The news of OpenID’s Death is greatly exaggerated


I am not one to get on the blog and add to the argument over some stupid post from another tech pundit, but this one is too much to pass on. The reason I am tossing my hat in here is that I am now seeing SECURITY PROFESSIONALS adding to the crowd with the death knell of OpenID. Seriously?

Let me start with this example from my morning routine. I logged into my Facebook account with ClavID instead of the standard Facebook authentication mechanism. A little known Facebook feature is the ability to use OpenID providers to login instead of the email+password. I do this because ClavID supports secure multifactor authentication so instead of a simple user+pass, I have user+pass+token. Many of the websites I frequent support OpenID and in all of those cases I remove their ability to store my authentication information.

OpenID was pitched as the ability to remove the need to memorize all your logins for each site. That may have been where it started, but in today’s world it is my Multi-factor authentication mechanism. OpenID has a place in today’s online community for just that, security. As security professionals we moan and groan about the poor security of websites (Gawker, POF, etc.) and by then jumping on the “Death to OpenID” bandwagon make ourselves look incredibly silly.

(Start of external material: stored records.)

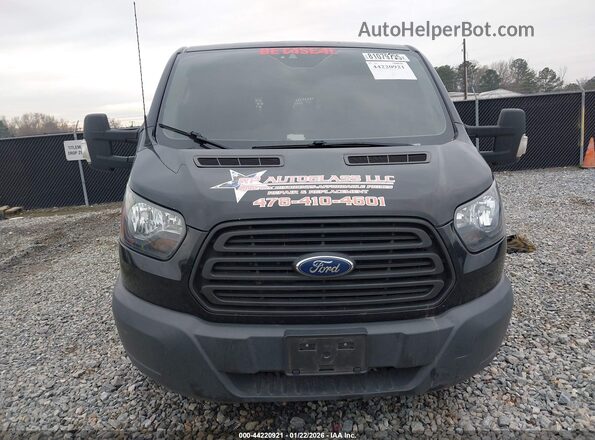 1FTBW2ZM8JKA52376 2018 FORD TRANSIT-350 Black 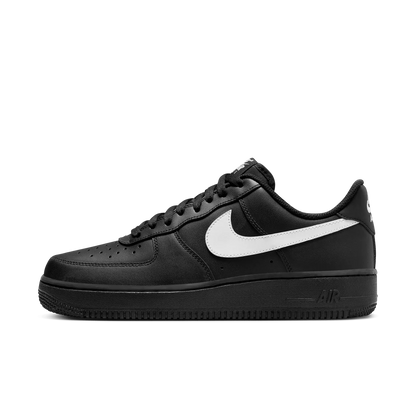 Nike Air Force 1 Low ’07 Black White – Men’s Sneakers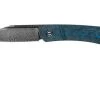 Civivi Appalachian Drifter C2015DS-2 Damascus, Blue G10 Rose Carbon Fibre Gentleman's Knife 1 Civivi Appalachian Drifter C2015DS-2 Damascus, Blue G10 Rose Carbon Fibre Gentleman's Knife -Optimal Knife Shop CIC2015DS 2 01 civivi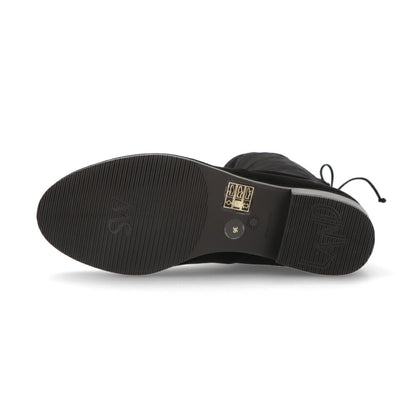 スチュアートワイツマン STUART WEITZMAN シューズ ブーツ レディース LOWLAND ブラック スエード レザーシューズ リボン シンプル ロングブーツ S2167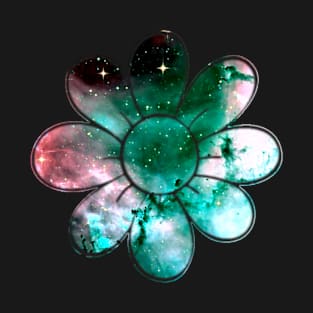 Space Flower T-Shirt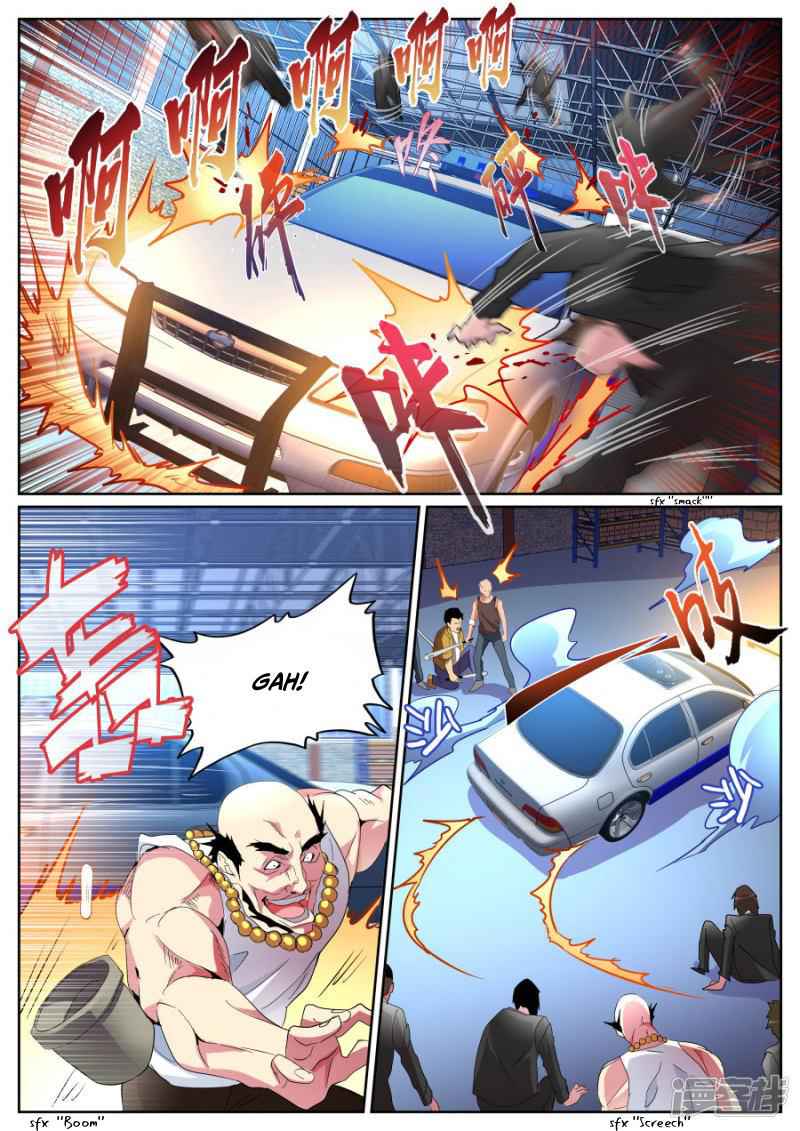 Talented Genius Chapter 92 - Page 12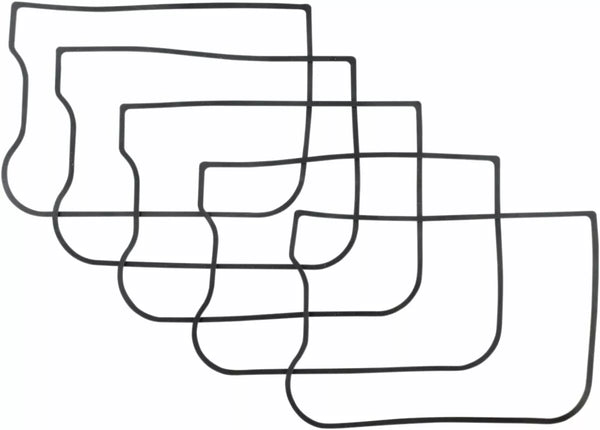 Cometic Dayket Gummi Up/Rbox 5pk C9277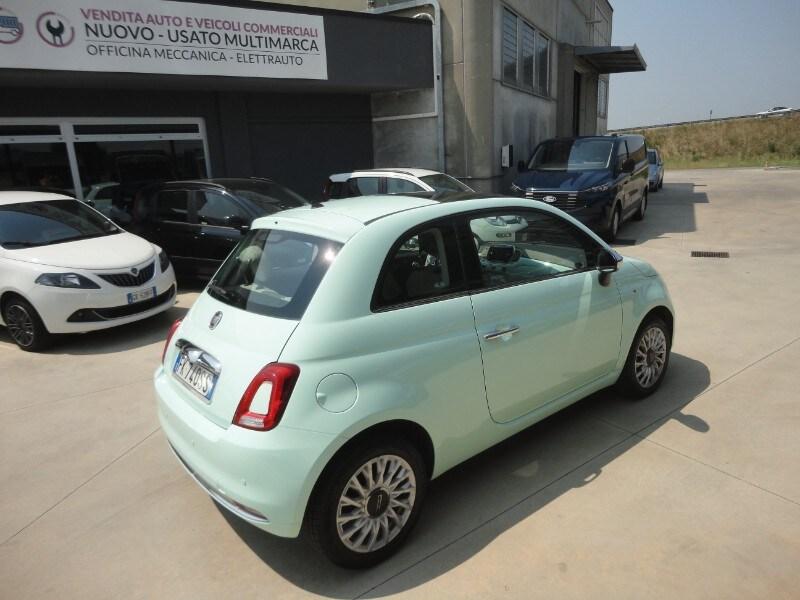 FIAT 500 (2015-2024) 500 1.2 Lounge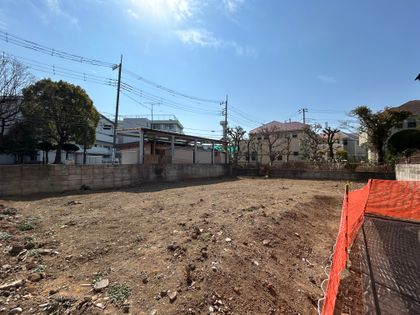 喜多見4丁目 新築戸建 2号棟 外観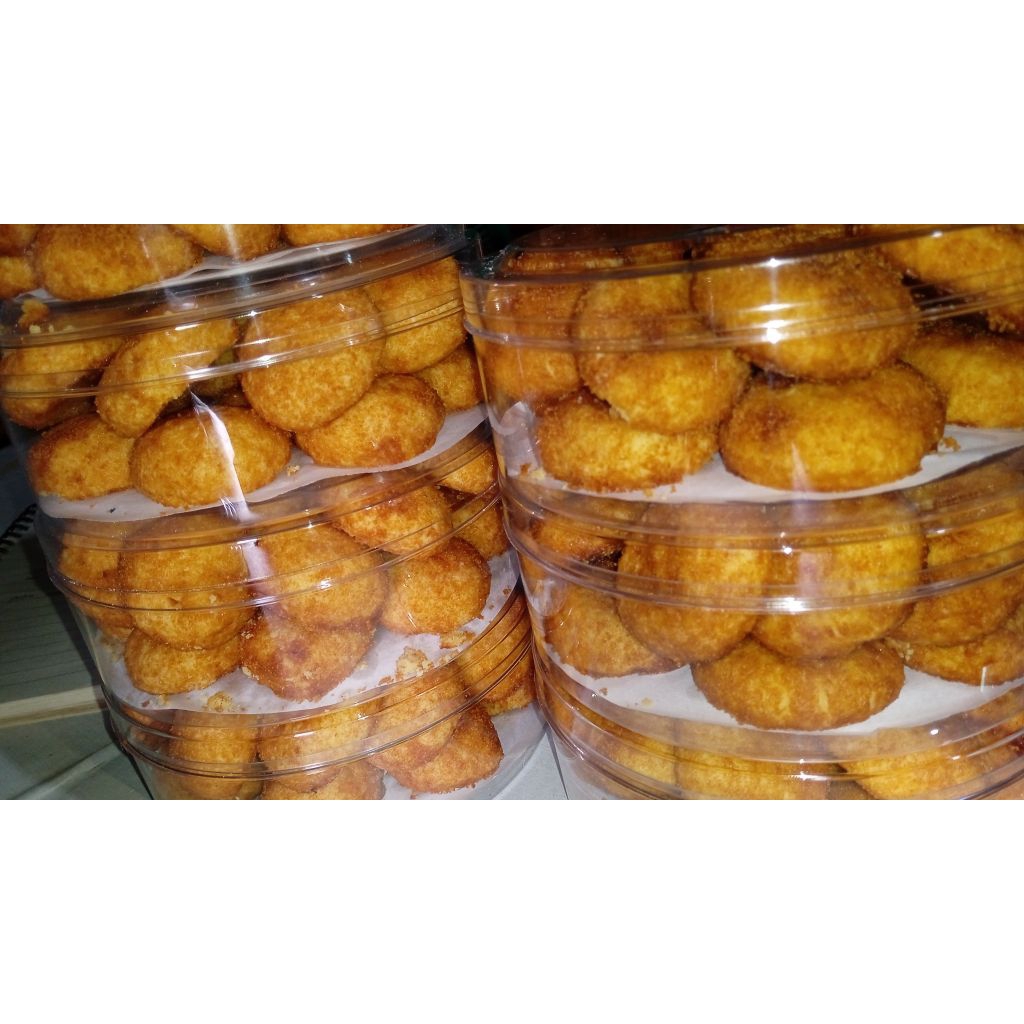 Palm Cheese Cookies
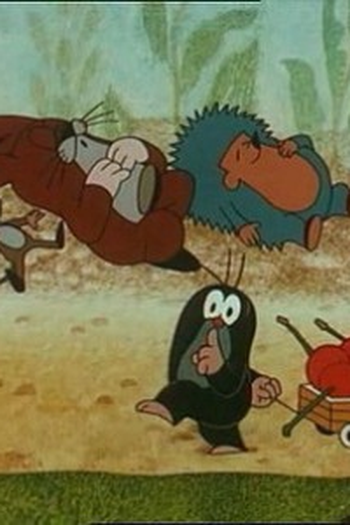 Poster de Episódio Krtek a kamarádi (1995)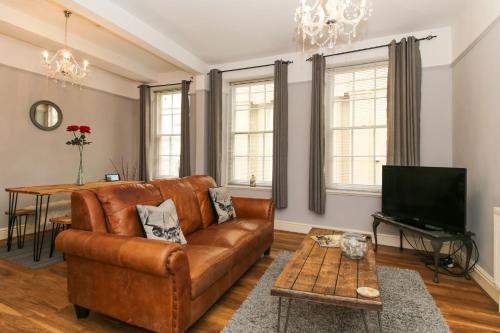 The Abberley Apartment - Stay Worcestershire, , Worcestershire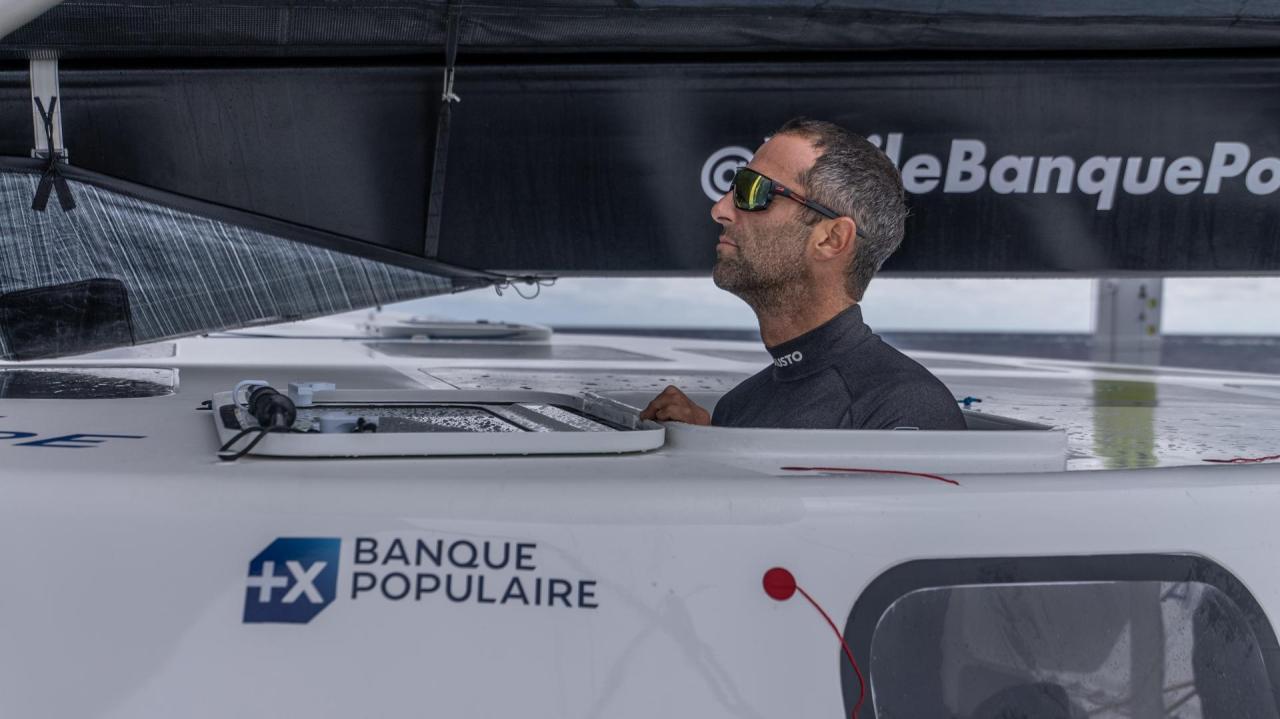 Maxi Banque Populaire XI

What we should be doing as geeks is making the process more streamlined for OpenID implementation. It isn’t that OpenID itself is broke, but that the installs are somewhat difficult to use for users. By pushing to kill OpenID we are breaking the war into hundreds of small battles. I would rather take on a single issue (OpenID ease of use) rather than pushing every website, CMS coder, etc. to implement MFA. In the heat of the battle we should hold the line and attack on a single front.